Due to inadequate growth, rural folk are compelled to seek employment in the urban industrialized areas. But sadly, urban development in West Bengal has been poor because of a lack of industrial investment due to government apathy as well as rampant and disruptive politically-backed trade unionism, fostered during Left Front rule. Thanks to the infamous “gherao” culture, West Bengal, had slipped to the 10 th.,position in industrial development by 2000-2001. Its share of net value-added in the factory sector fell from more than 14% in 1971 to 4% in 2002. Its share in employment fell from 16% to 7%, Lahiri points out.
Furthermore, the employment that was being created was mostly of the ‘casual’ category, 32% were in the “casual” category, while the national average was 25%, says Prasenjit Bose, in The Wire.
“This reflects the poor quality of the jobs that most persons are employed in. Unemployment is quite high among the educated workforce, especially those with post-graduate and above degrees as well as those with diplomas/certificates,” he adds.
Bose says that the per capita income (NSDP) in West Bengal in 2017-18 was INR.65,978 at constant prices and INR 95,562 at current prices. This was lower than the per capita income for India as a whole in 2017-18, which was INR.86,668 and INR 1,12,835 at constant and current prices, respectively.
Poor Resource Mobilization
West Bengal continues to lag behind many other States in resource mobilization. While the revenue receipts as a proportion of GDP increased from 12.5% in 2012-13 to 15% in 2018-19 for all Indian states, revenue receipts in West Bengal had fallen from 11.3% to 10.5%.
The poor record in revenue mobilization has led to a deficiency in public spending. “While all the Indian states, taken together, witnessed a growth of development expenditure from 9.7% of GDP in 2012-13 to 12.2% in 2018-19, it has fallen to 8.4% of GSDP in 2018-19 in West Bengal,” Bose says.
In his budget speech of 2019, the West Bengal Finance Minister had claimed that US$ 145.93 billion worth of ‘business and investment proposals’ was attracted by the 2018 Bengal Global Business Summit. But such proposals were largely remain on paper, and the employment potential was very limited, Bose points out.
A new initiative promised financial assistance of INR 1 lakh each to 50,000 unemployed youth in the state to create self-employment opportunities. Bose dubs these “ half-baked and grossly inadequate investments”.

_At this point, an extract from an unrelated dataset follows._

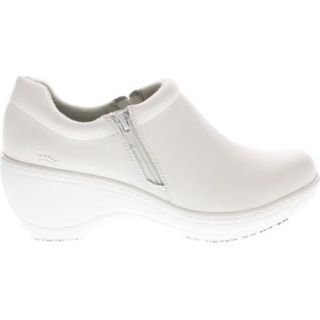 Womens Spring Step Milana White Leather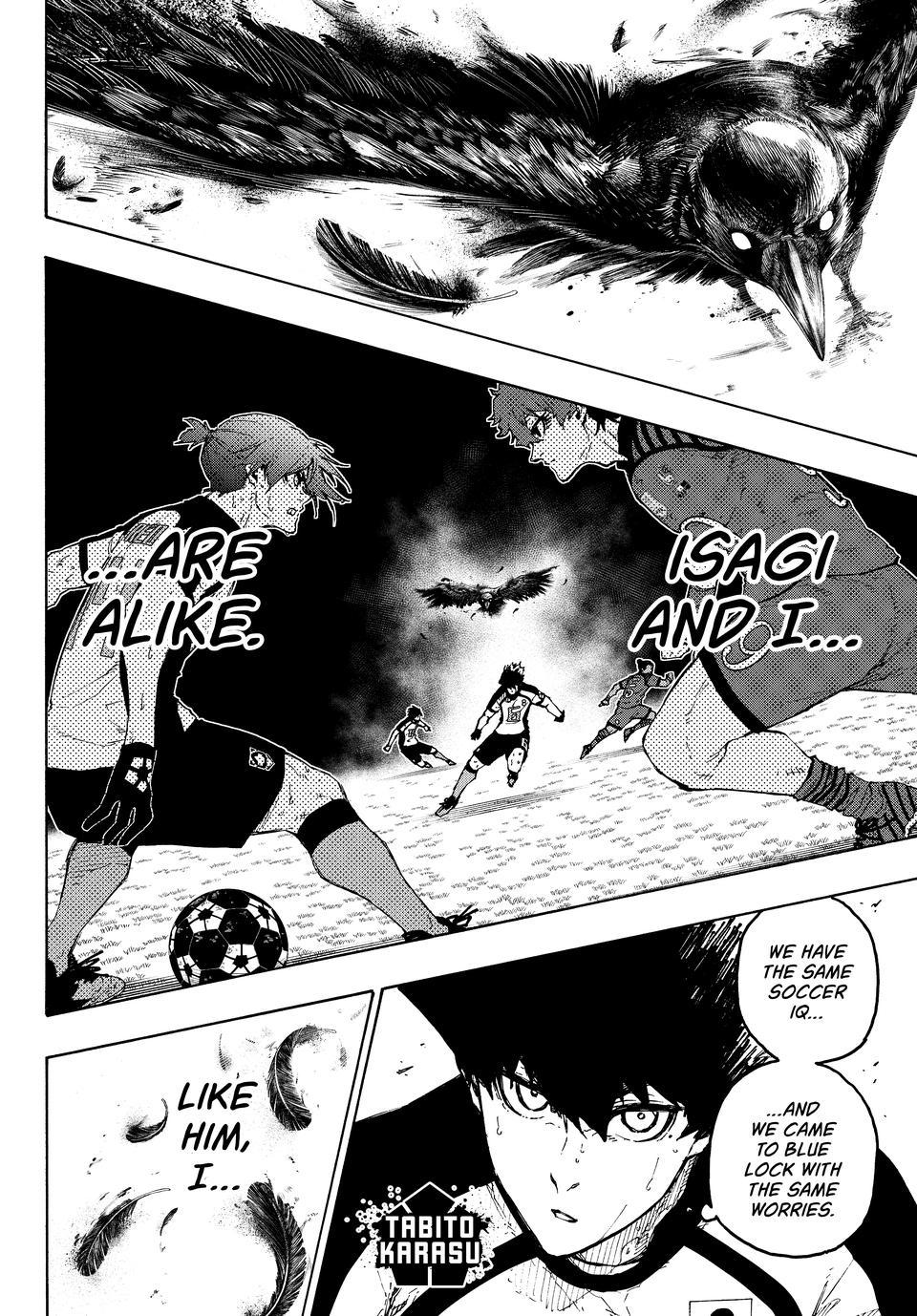 Blue Lock Chap 341 - Next Chap 342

Though the BJP has been considerably weakened by the COVID-19 pandemic, and Prime Minister Narendra Modi’s image as a doer is in a shambles, he may still be a credible right wing force in many States including West Bengal in the absence of the Congress and the Left. Therefore, the All India Trinamool Congress government led by Mamata Banerjee will have to pull itself up by the bootstraps and attract investments from outside the State and also abroad to kick-start the languishing industrial sector.

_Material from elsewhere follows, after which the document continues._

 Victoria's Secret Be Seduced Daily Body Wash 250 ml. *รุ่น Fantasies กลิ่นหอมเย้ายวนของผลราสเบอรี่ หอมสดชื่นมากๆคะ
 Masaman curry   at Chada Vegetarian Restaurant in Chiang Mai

A buoyant agricultural sector, by itself, will not see the AITC through. And to attract entrepreneurs, roads and other infrastructure will have to be vastly improved. West Bengal is lagging behind in road and highway construction. The government’s approach to land acquisition for investment and development would also have to change. By denying land to the Tatas for their motorcar plant in Nandigram, Mamata Banerjee had alienated investors, which was one of the reasons for her defeat at the hands of the BJP in the Nandigram constituency this time.